From Bill Bonner, chairman Bonner & Partners: “In the short run,” says billionaire investor Warren Buffett, “the stock market is a voting machine. In the long run, it’s a weighing machine.”

Put another way, in the short run, the stock market responds to myths and fads. In the long run, these give way to facts.

Outsized Delusions

Remember, myths are not necessarily untrue.

But whatever truth they have seeps from human imagination, not from facts imposed by the outside world.

Gravity, for example, is a fact. You jump out of a second story window; it doesn’t matter how hard you flap your arms or what you think, gravity will pull you down toward the sidewalk.

Corporate profits, too—though they can be manipulated and massaged—are facts. Mythical profits don’t pay real bills.

But there are other “facts,” too… those that owe their existence entirely to our mythmaking ability.

They may begin life as plausible observations. But then they have a way of growing… expanding… mutating into outsized delusions—ones that may cost a nation its money and its soul.

Were the pharaohs divine?

Apparently, the ancient Egyptians thought so. For 3,000 years, they were so devoted to this myth that they applied almost the entire economic surplus of the Nile Delta to building monuments in their honor.

We know of no physical tests for divinity. You might say, “Someone who is divine can’t be killed.”

On occasion, they put a Thutmose or a Neferkare to the blade; they died like everyone else.

“Gods don’t die,” said the doubters. But Jesus did. And Christian scholars spent centuries arguing about how and why that was possible.

In the end, a divinity can do what he wants. He can appear dead… or seem to be mortal in other ways. There is just no way of knowing.

For all we know, the pharaohs were divine. Certainly, it was convenient to believe it—at least for them and the elite surrounding them.

Master-Race Myth

Adolf Hitler (among others) promulgated the myth of a master race.

At first, people took him for a crank. The intelligentsia made fun of him. The “Austrian corporal,” they called him. Or the “little housepainter.”
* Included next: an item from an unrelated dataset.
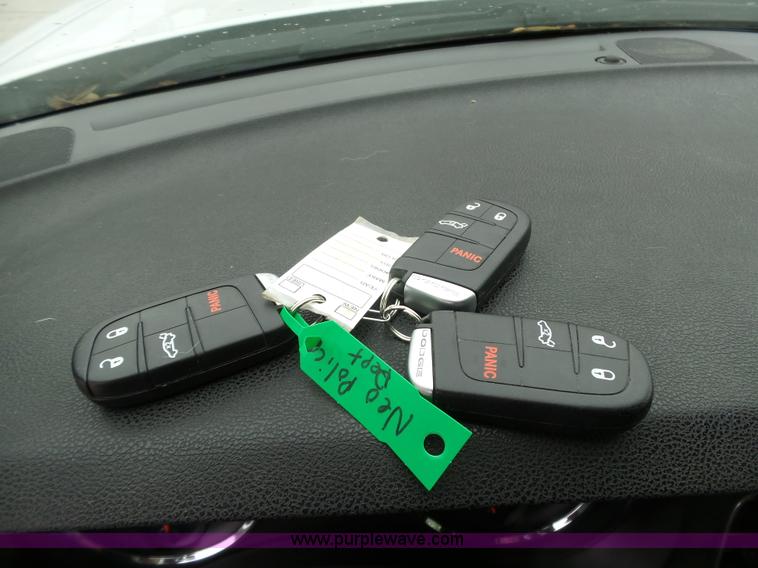 image for item BZ9505 2011 Dodge Charger Police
Even when Hitler became chancellor in 1933, the thinking in polite society was that he could be “tamed” by dutiful functionaries and the weighty responsibilities of his office.

Instead, the myth of the Übermensch (an idea Hitler borrowed, completely out of context, from Nietzsche) took hold of large numbers of Germans.

Again, there was no way to prove it wasn’t so.

And as time went by, more and more people found it agreeable; it gave them a way to feel superior… and perhaps buy a house down the street that used to be owned by Jews, at a bargain price.

Besides, the Austrian corporal was making German industry the envy of the world… with factories booming and full employment. (This, too, was a myth: Hitler had created a bubble economy based on dead-end military spending.)

But as more and more people found it convenient to believe the myth, the more self-evident it became. Soon, they were marching to Stalingrad.

Myths stretch or shrink depending on what you think of them.

According to a new report from Brown University, next year the total sum committed to the War on Terror will rise to $4.7 trillion.

That’s an amount equal to nearly one-quarter of annual U.S. GDP, transferred from the public to the terror-fighting industry.

The War on Terror is the longest war in U.S. history. And for the security industry, it’s the most profitable war ever. Of course it is real!

(When President George W. Bush first announced the War on Terror, we guessed it would do no good… and that it would cost “more than a trillion dollars.” We were off by $4 trillion!)

Bomb, Drone, Kill

There is a word for this phenomenon. We can’t remember what it is. “Self-fulfilling” will have to do.

The more you focus on it… the more real it becomes. Give out the word that terrorists are lurking around every corner. Bomb them, drone them, kill them. (Some estimates put the number of dead at more than 1 million.)

See something, say something! The more enemies you make… the more enemies you have. Then there is no need to look for evil; it will find you!

“Another suspicious package found…” says a Bloomberg headline this morning.

Sticking with round numbers, the War on Terror has cost about $350 billion a year over the last 15 years. Like the pyramids, the project absorbs much of the nation’s surplus output.

But wait. Where did the feds get so much money? Were taxes raised to cover it? Was spending cut in other areas?

Nope.

How was it financed?

With debt, borrowed at the lowest interest rates since Ramses and Amenhotep.

At current yields and current inflation, the U.S. federal government can borrow at almost no cost. It is free money.